The International Energy Agency (IEA) said noted that crude prices continue to remain firm in the context of tensions in some producer areas, like Iran, where there is a selective embargo on oil exports from that country.
The IEA observed, from the technical point of view that the market could be seen to be returning to "normal conditions," or a "business as usual" context, with the "unexpected" rebuilding of OPEC spare capacity and other factors. "But the clearest departure from 'business as usual' may be the reduction in Iranian exports since July as a result of expanded international sanctions.
Whereas many expected the sanctions to lose some bit in September, as Iranian exporters and some of their clients were reported seeking ways to get around insurance constraints, in fact, compliance appears to have tightened and Iranian crude deliveries fell to an estimated 860,000 b/d, a new low," the report said. "This rebalancing of supply and demand will be accompanied with such sweeping changes in regional balances that it is more likely to feel like uncharted territory than familiar ground," the report added.
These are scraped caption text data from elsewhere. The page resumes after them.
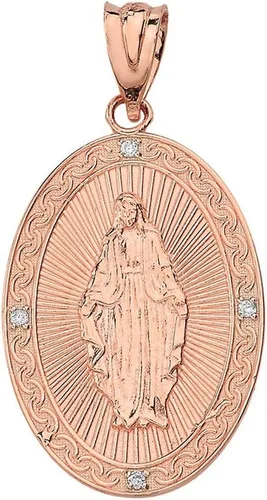 Vista 2 de Religious Jewelry by FDJ Collar de diamantes con medalla ovalada milagrosa de oro rosa de 10 k (1 pulgada)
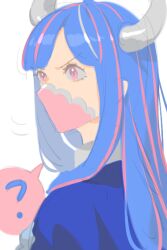 Rule 34 | 1girl, ?, ahoge, blue cape, blue hair, cape, covered mouth, curled horns, dinosaur girl, horns, long hair, mask, mouth mask, multicolored hair, one piece, pink eyes, pink hair, pink mask, raine (acke2445), solo, spoken question mark, streaked hair, ulti (one piece)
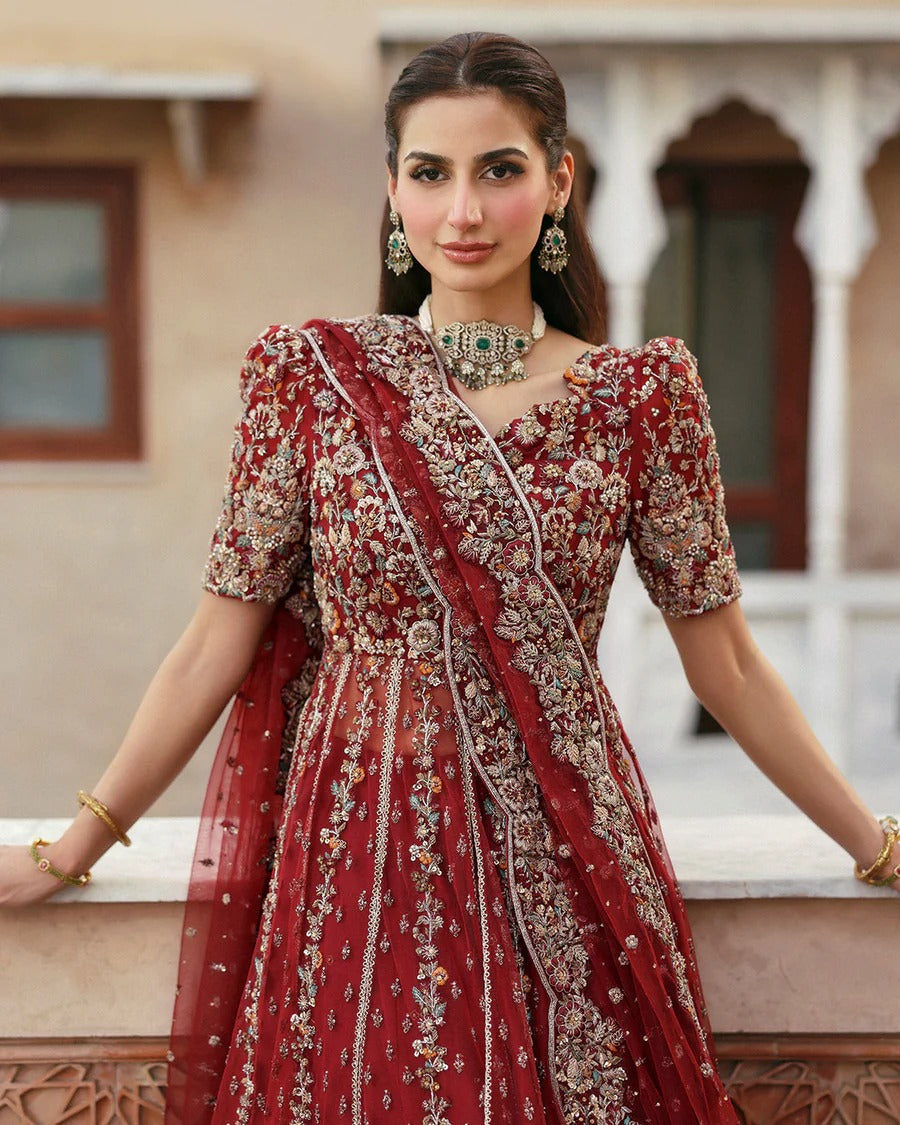 Faiza Saqlain | 3 Piece Unstitched Embroidered Net with Silk Sharara | Zelia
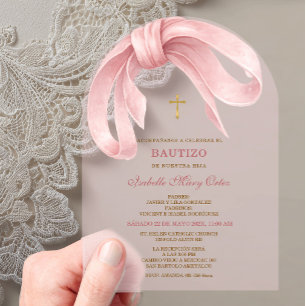 Acrílica Rosa Lazo Dorada Cruz Bautizo Niña Acrylic Invitations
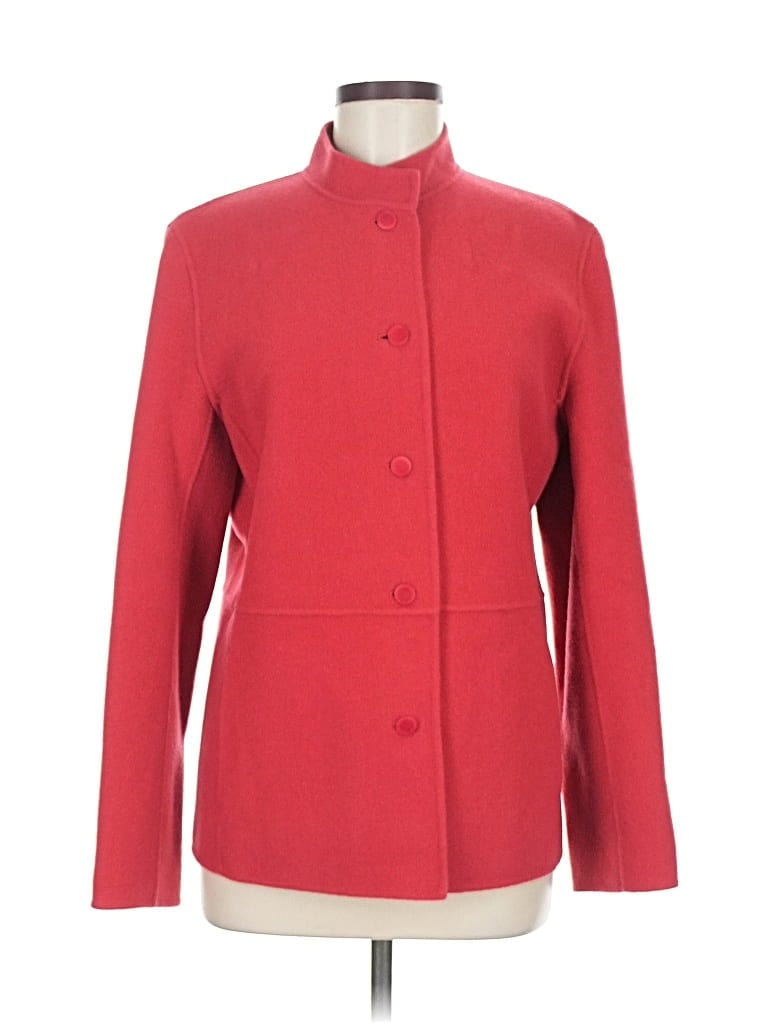 Pre-owned Eileen Fisher Wool Coat In Red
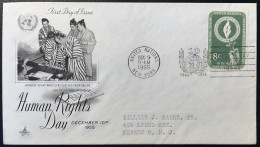 COVER / ONU United Nations FDC NEW YORK 1955 HUMAN RIGHTS DAY - Cartas & Documentos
Separately, the IEA stated that it was revising global demand growth down by 100,000 bbls from a month ago and was now estimated overall demand for 2012 at 89.7 million barrels per day (mb/d), up only 700,000 b/d from 2011. For 2013, the Agency said demand growth was unchanged from earlier forecasts and was expected to rise 800,000 to reach 90.5 mb/d.
The International Monetary Fund's predictions of 3.3% global economic growth for 2012 and 3.6% world GDP expansion in 2013 had already been taken into account by the report and did not affect estimations in this month's report, the IEA said.